In addition, a first ambient sound control circuit 32a may be included between the speaker 14a and the output port of the amplifier 44 corresponding to the external microphone 22a. Similarly, a second ambient sound control circuit 32b may be included between the speaker 14b and the output port of the amplifier 44 corresponding to the external microphone 22b. In the illustrated embodiment, the circuits 32 are positioned between the amplifier 44 and the switch 42. In another embodiment, the circuits 32 may be positioned between the switch 42 and the speakers 14. Operation of the ambient sound control circuits 32 to regulate the output of relatively loud sounds will be described below.
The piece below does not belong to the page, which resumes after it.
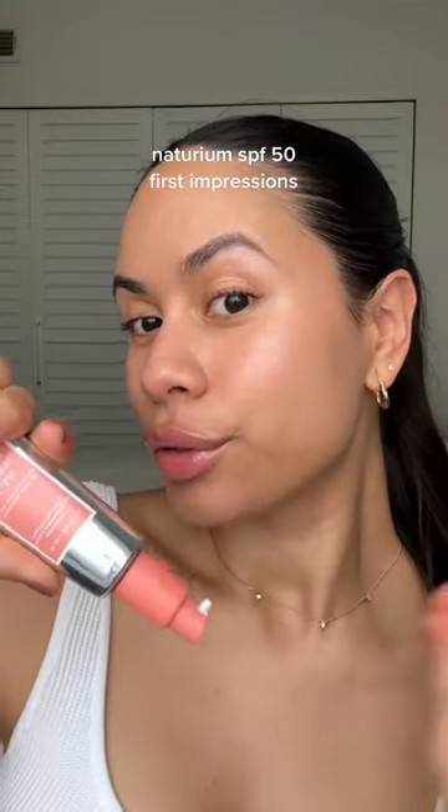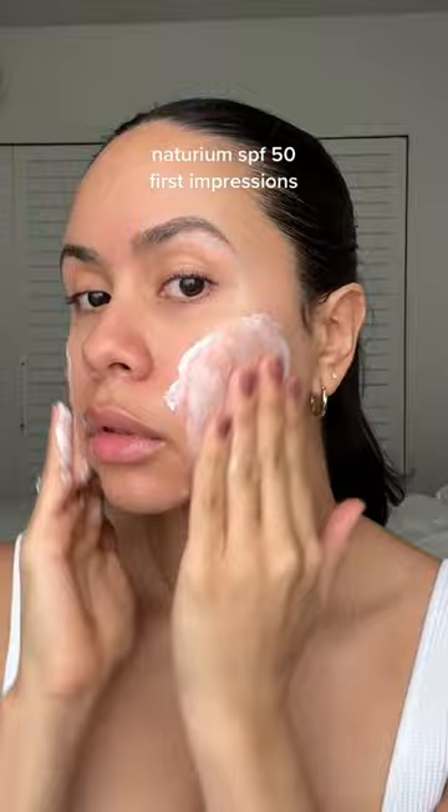Let's test a new Notarium sunscreen and see if it leaves a white cast on my skin. You need about four to five pumps for full coverage. I was a little nervous at first because it does look a little bit white, but after rubbing it in for about a minute, it went completely clear.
III(b). Ambient Sound Control

The ambient sound control circuit 32 may be configured to assist in reducing the volume of relatively loud sounds to which the user is exposed. Exemplary sources of loud sounds may include, but are not limited to, guns, canons, power tools, engines, amplified music, and so forth.
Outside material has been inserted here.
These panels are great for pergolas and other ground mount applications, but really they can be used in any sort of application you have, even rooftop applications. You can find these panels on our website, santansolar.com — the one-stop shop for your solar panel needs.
The above-described earpieces 12 may provide relatively good sound attenuation to the user due to the conformance of the tip 20 with the anatomy of the ear. Laboratory measurement has shown that the attenuation can be about 20 dB to about 30 dB in noise reduction rating (NRR). Since this amount of sound attenuation can result in the user's inability to hear relatively low volume ambient sounds, the external microphones 22 may be used to capture the ambient sound. As described, the captured sound may be played back by the internal speakers 14 so that the user may hear sounds from his or her surroundings. The volume of playback may be controlled with the amplifier 44. Usually, the amplifier 44 is set so that sounds are output to the user by the speakers 14 at a comfortable level, such as about 60 dBA to about 70 dBA. But if there is a sudden “burst” of loud ambient sound surrounding the user, the user may be incapable of reducing the volume at the power amplifier in time before the sound is played back at an uncomfortable, or even damaging, level. Repeated exposure to sounds that are above about 90 dBA may cause a hearing loss, for example.

The disclosed ambient sound control techniques may reduce, or even eliminate, exposure of the user to sounds above levels that could lead to hearing loss where relatively loud ambient noise is captured by external microphones 22 and played through the internal speakers 14 of the headset 10.
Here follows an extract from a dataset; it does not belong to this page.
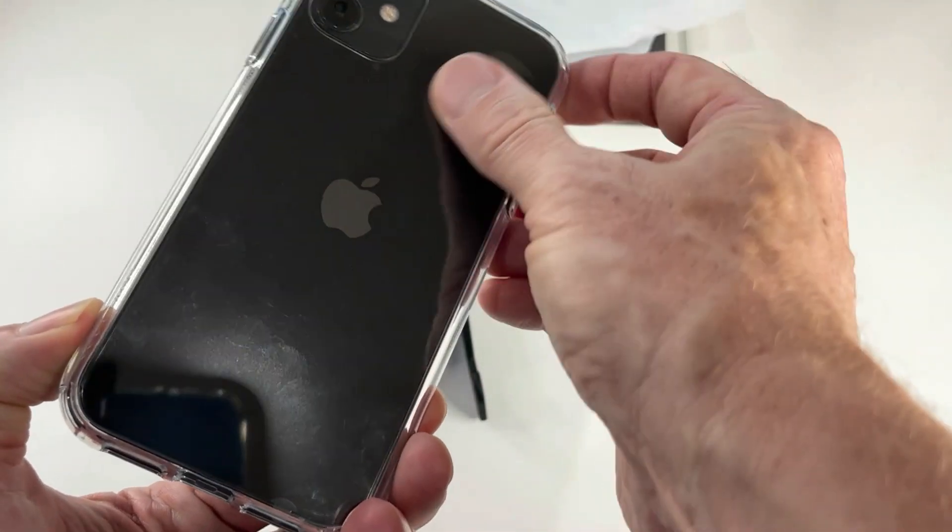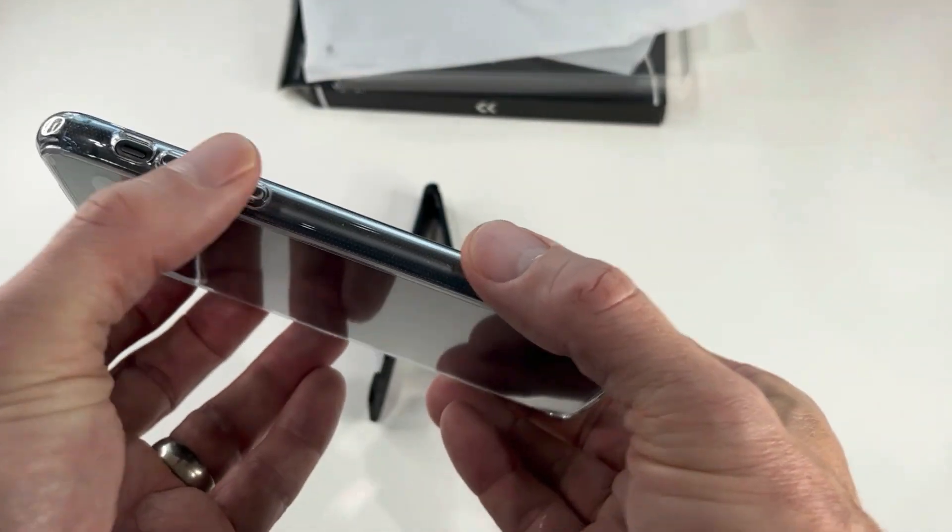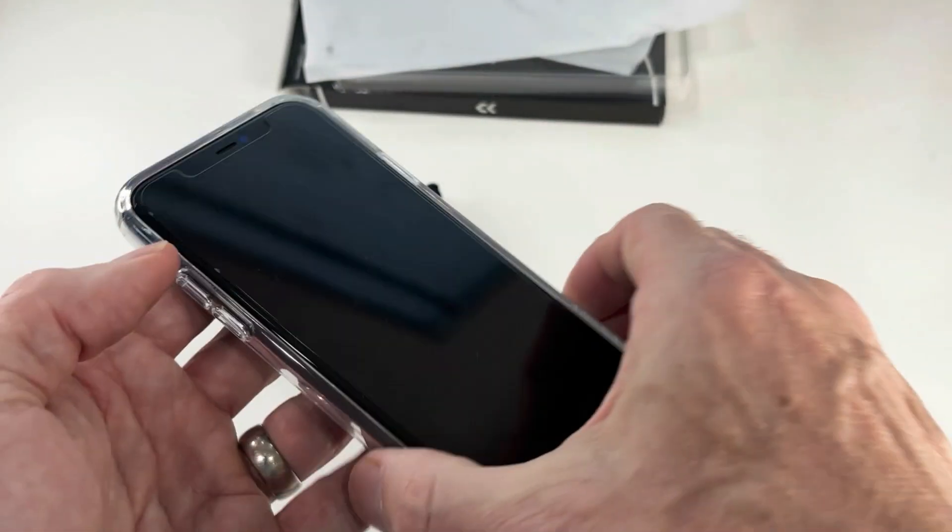You can see it is perfectly designed to fit this phone — it looks cool, it is nice, it fits well, and I think it's really well made.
The general technique employed by the ambient sound control circuit 32 is to allow sound signals with a corresponding volume level that is less than a predetermined threshold to pass through to the speaker 14 for playback. But sound signals with a corresponding volume level that is higher than the predetermined threshold are compressed into a lower volume range before being played at the speaker 14. The predetermined threshold is determined by circuit components as will be described in greater detail below. In some embodiments, the predetermined threshold may be variable when one or more variable circuit components are used. In this manner, the disclosed headset 10 may be used to provide the user “situational awareness” that includes full hearing function for sounds with volumes below a predetermined threshold and hearing protection for sounds with volumes above a predetermined threshold, but where the sounds above the predetermined threshold are played to the user so that the user is aware of the sounds.

The disclosed ambient sound control techniques use a nonlinear circuit to control sound in this manner. With continued reference to FIGS. 1-3, the output of one of the channels of the amplifier 44 may be connected to the nonlinear ambient sound control circuit 32, the output of which is coupled to a corresponding speaker 14.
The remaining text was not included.